Either party may give the other party notice, in
accordance with Section 13, of its submission of
such dispute to arbitration. Such notice shall
also be given in accordance with the Rules, to
the extent that the rules are inconsistent with
or supplement this notice requirement. Such
arbitration shall take place in Chicago,
Illinois, United States of America, before a
single arbitrator. The parties will agree upon
the selection of a particular arbitrator as soon
as reasonably practical after the notice
described in this Section 7(b) is given, but
failing such agreement within thirty (30) days of
such notices, the arbitrator will be selected in
accordance with the Rules. All issues in the
arbitration will be decided in accordance with
Delaware law and any applicable federal law.

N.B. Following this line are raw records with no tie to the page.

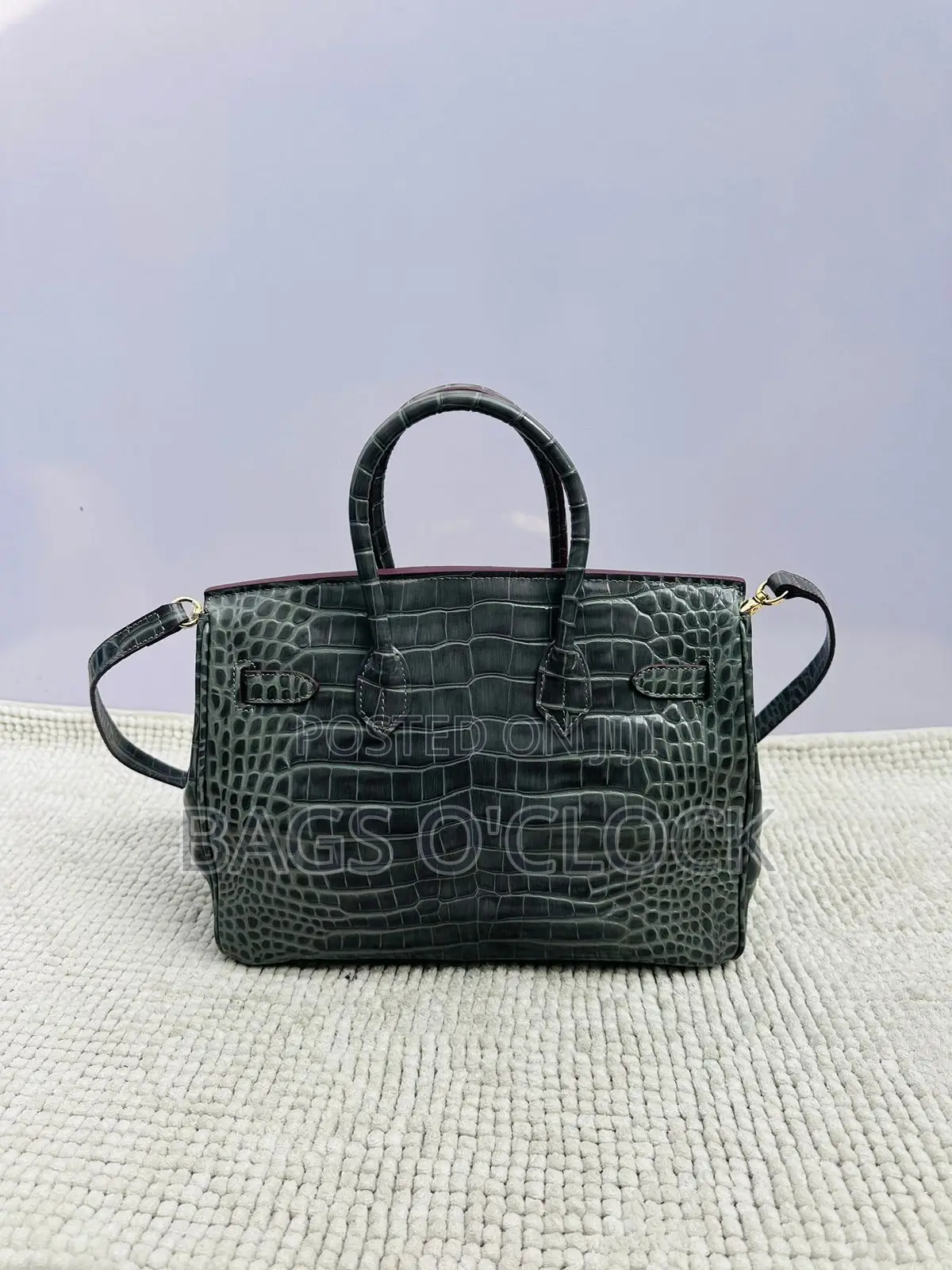 Authentic Hermès Birkin 30 Crocodile Handbag (Gold Hardware)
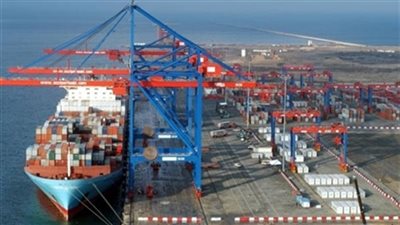 ميناء غرب بورسعيد يستقبل سفينتى صودا كاوية ورخام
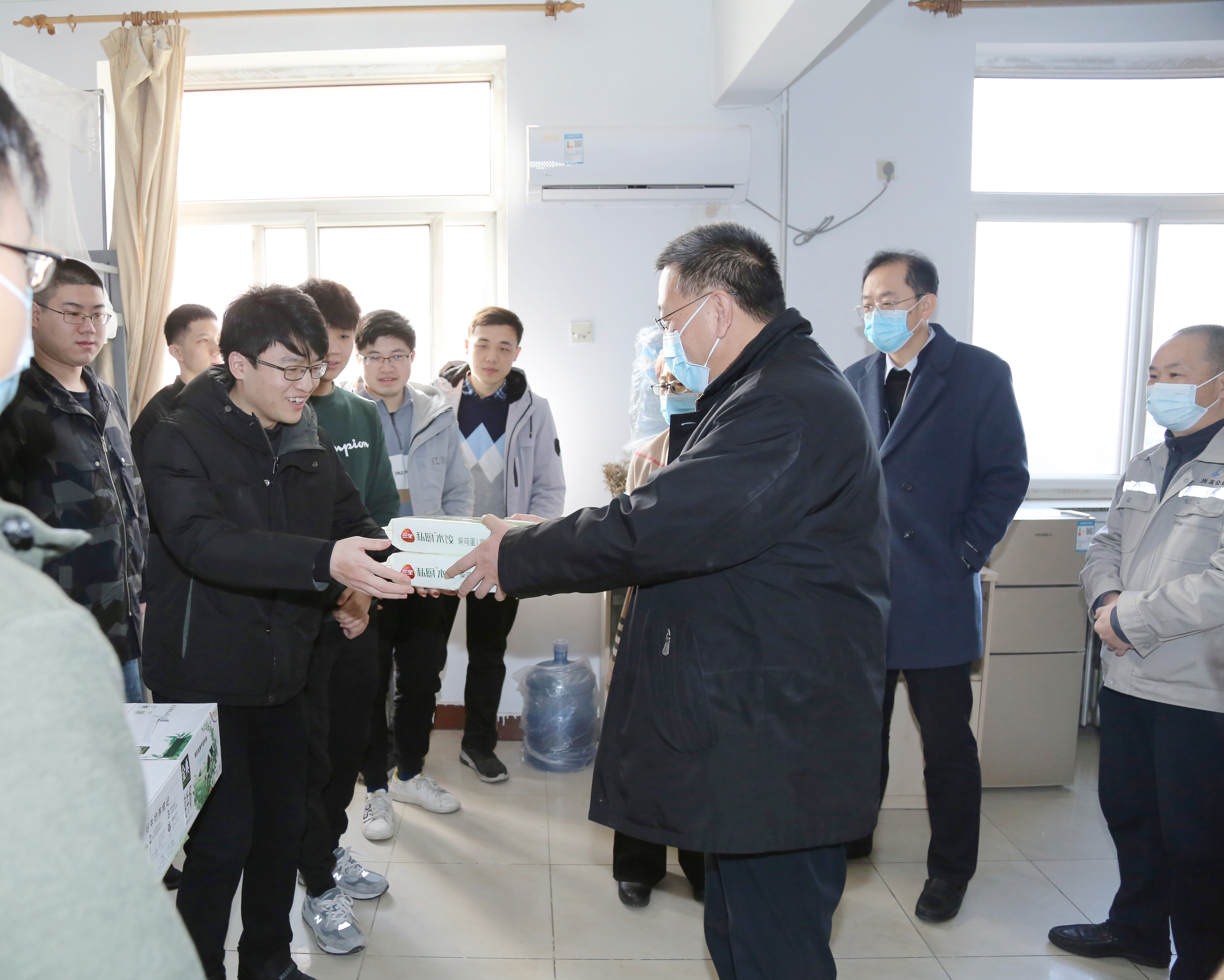 华球体育（中国）科技公司集团总经理熊柏青走访慰问留院过年研究生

The determinations of the arbitrator will be
final and binding upon the parties to the
arbitration, and judgment upon the award rendered
by the arbitrator may be entered in any court
having jurisdiction, or application may be made
to such court for a judicial acceptance of the
award and an order of enforcement, as the case
may be. The arbitrator shall be requested to set
forth the grounds for his or her decision in the
award.
All proceedings before the arbitrator shall be
conducted in the English language. All documents
and papers submitted to the arbitrator shall be
in the English language or accompanied by a
competent English language translation thereof.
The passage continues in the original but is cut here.